**Exercise**
Exact copy, pictures excluded: print the lines from the one with "LOUIS VUITTON Clutch" through the final line of the records.

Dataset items

•••••

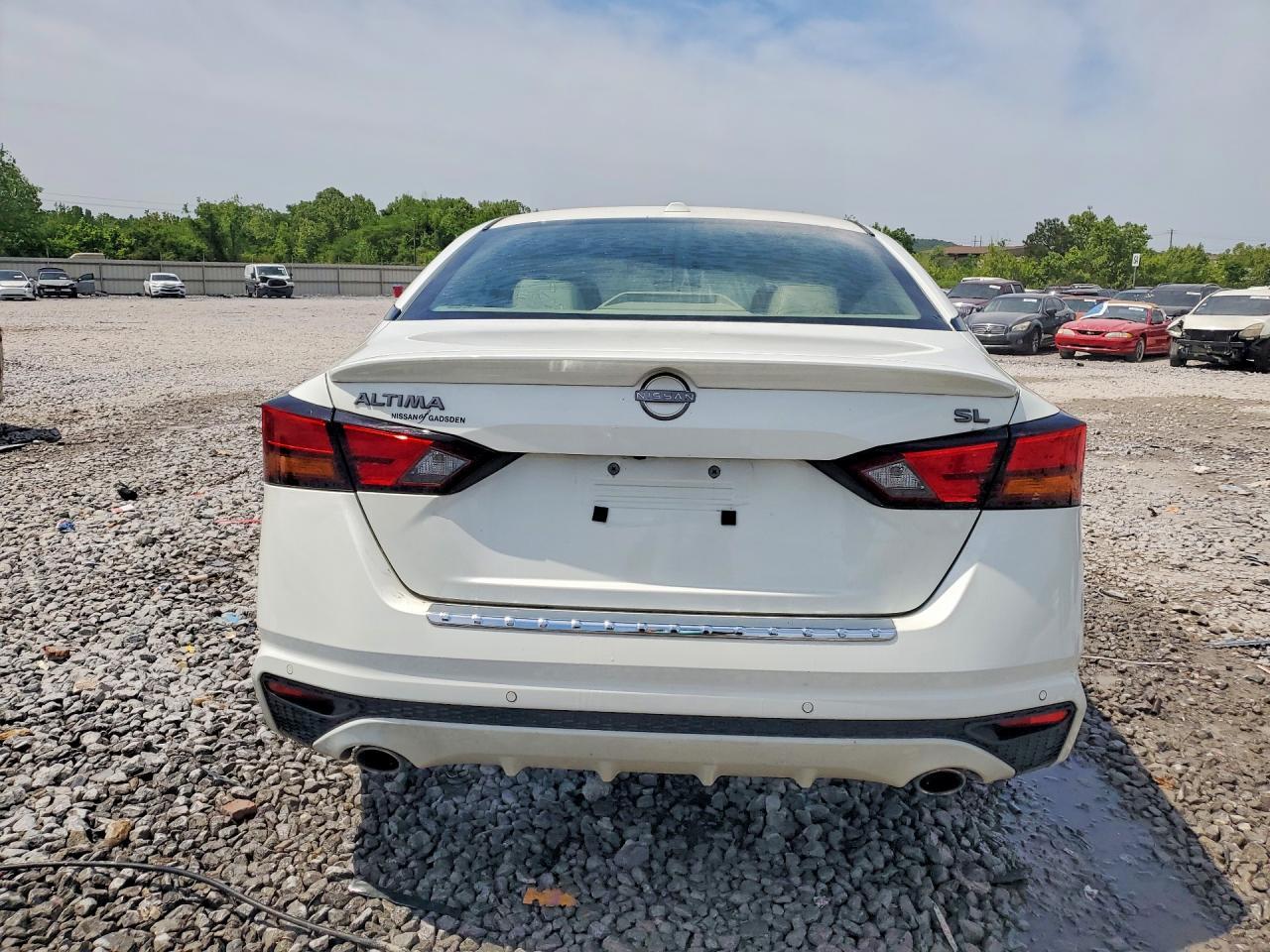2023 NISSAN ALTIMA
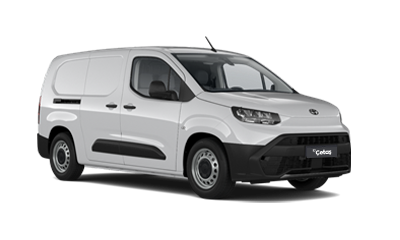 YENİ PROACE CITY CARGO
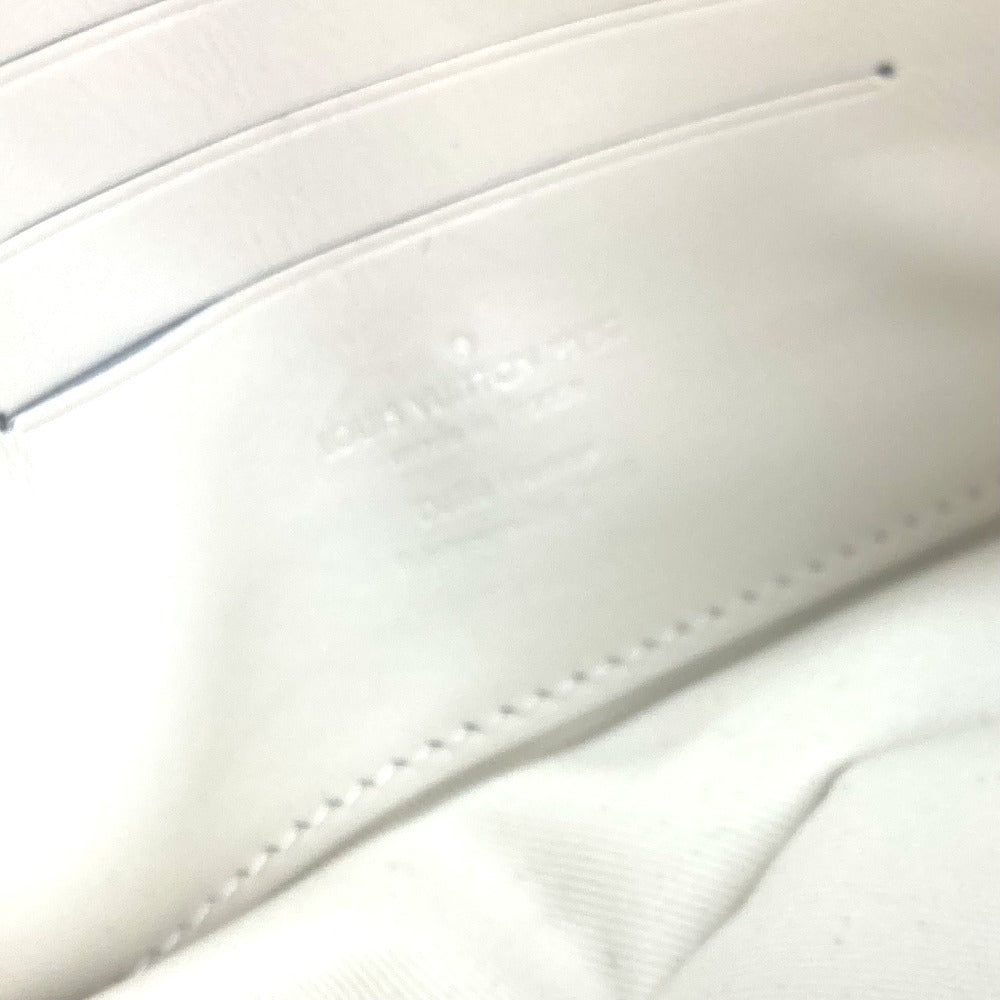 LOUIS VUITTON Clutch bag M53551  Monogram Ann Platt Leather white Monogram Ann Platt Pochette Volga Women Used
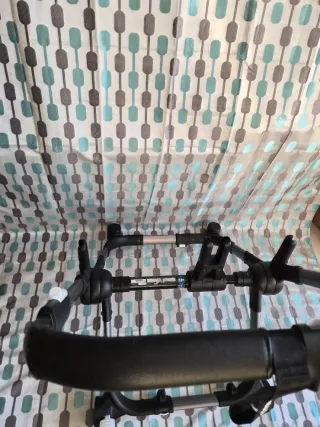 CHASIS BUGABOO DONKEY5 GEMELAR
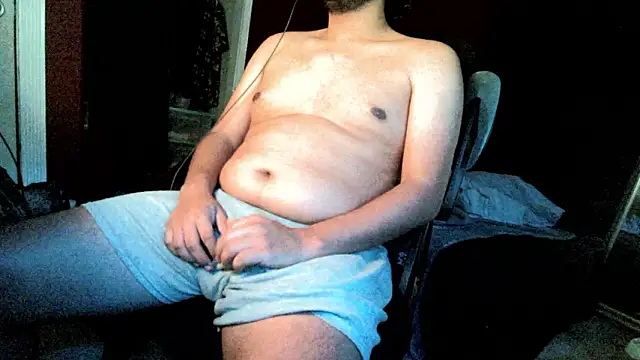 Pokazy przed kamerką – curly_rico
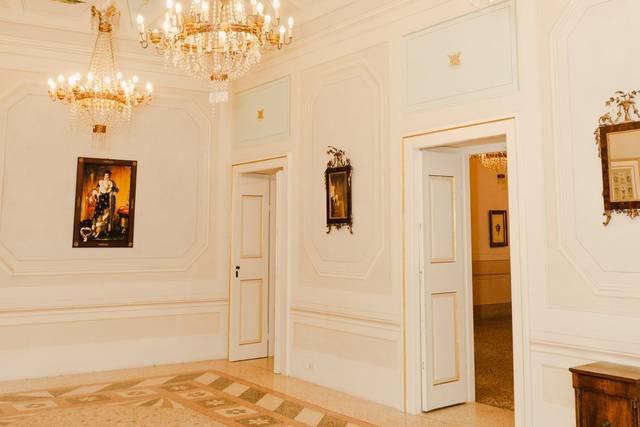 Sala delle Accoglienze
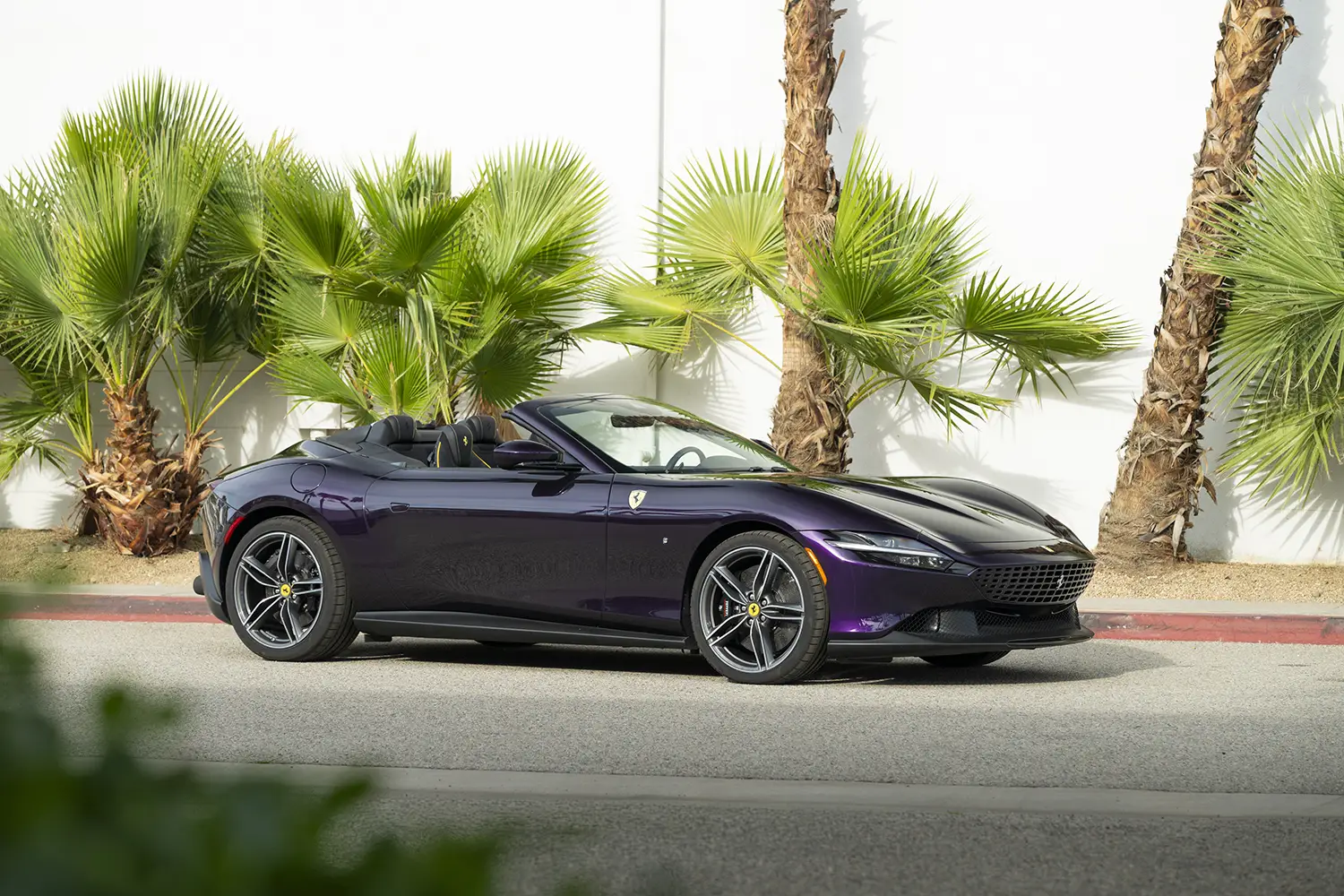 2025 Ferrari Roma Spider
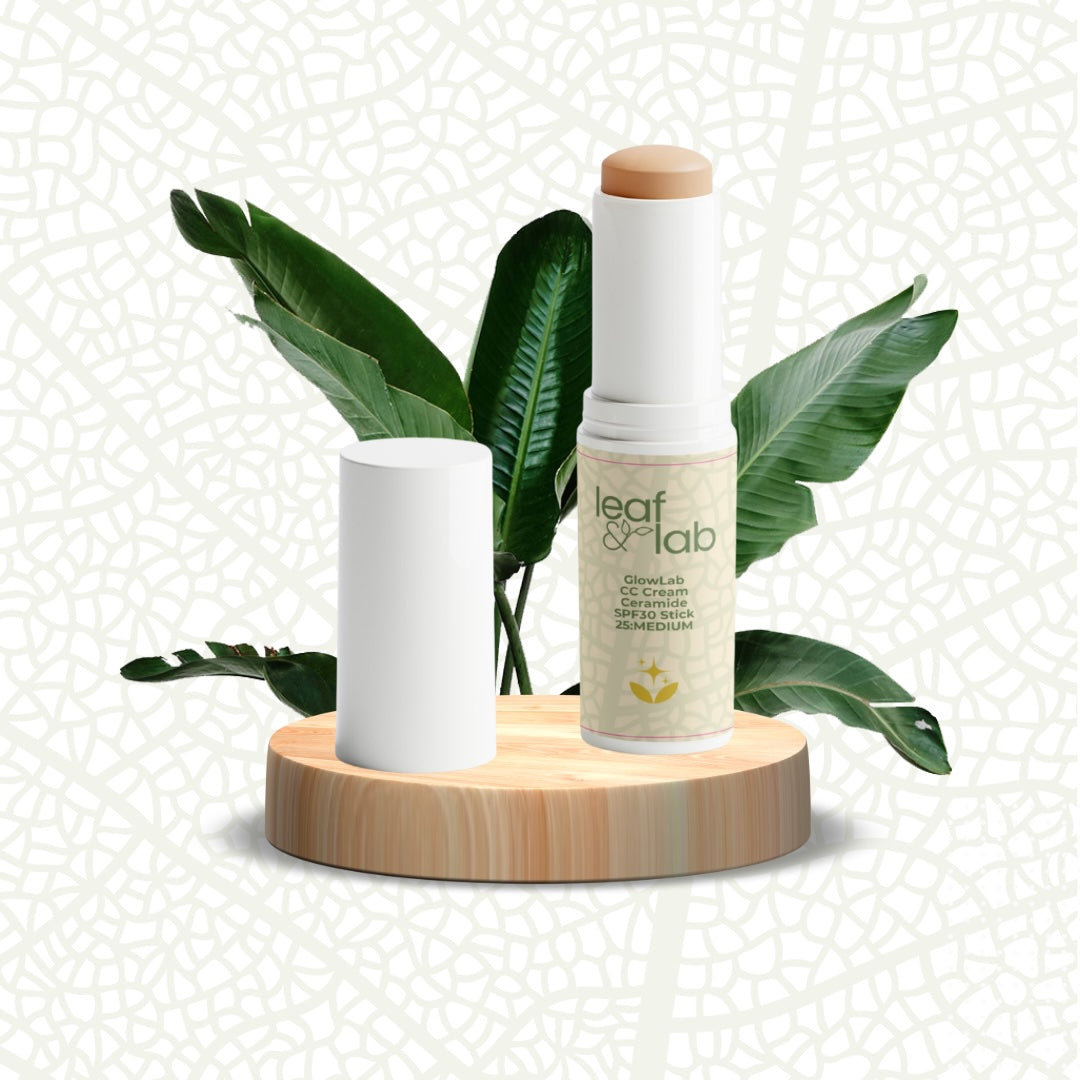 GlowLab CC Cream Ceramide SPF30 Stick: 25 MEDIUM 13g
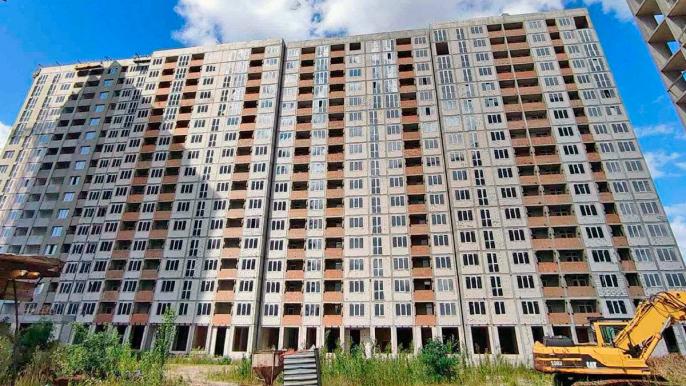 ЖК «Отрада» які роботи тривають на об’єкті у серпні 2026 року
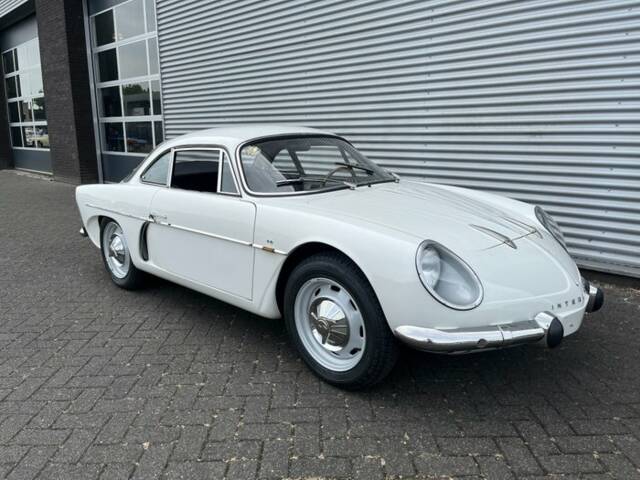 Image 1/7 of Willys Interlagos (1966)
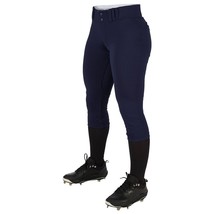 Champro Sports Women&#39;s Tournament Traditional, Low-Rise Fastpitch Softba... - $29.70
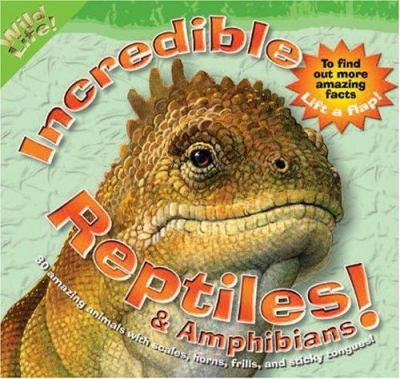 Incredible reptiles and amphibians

•••••

**Response below**
 LOUIS VUITTON Clutch bag M53551  Monogram Ann Platt Leather white Monogram Ann Platt Pochette Volga Women Used
 CHASIS BUGABOO DONKEY5 GEMELAR
 Pokazy przed kamerką – curly_rico
 Sala delle Accoglienze
 2025 Ferrari Roma Spider
 GlowLab CC Cream Ceramide SPF30 Stick: 25 MEDIUM 13g
 ЖК «Отрада» які роботи тривають на об’єкті у серпні 2026 року
 Image 1/7 of Willys Interlagos (1966)
 Champro Sports Women&#39;s Tournament Traditional, Low-Rise Fastpitch Softba... - $29.70
 Incredible reptiles and amphibians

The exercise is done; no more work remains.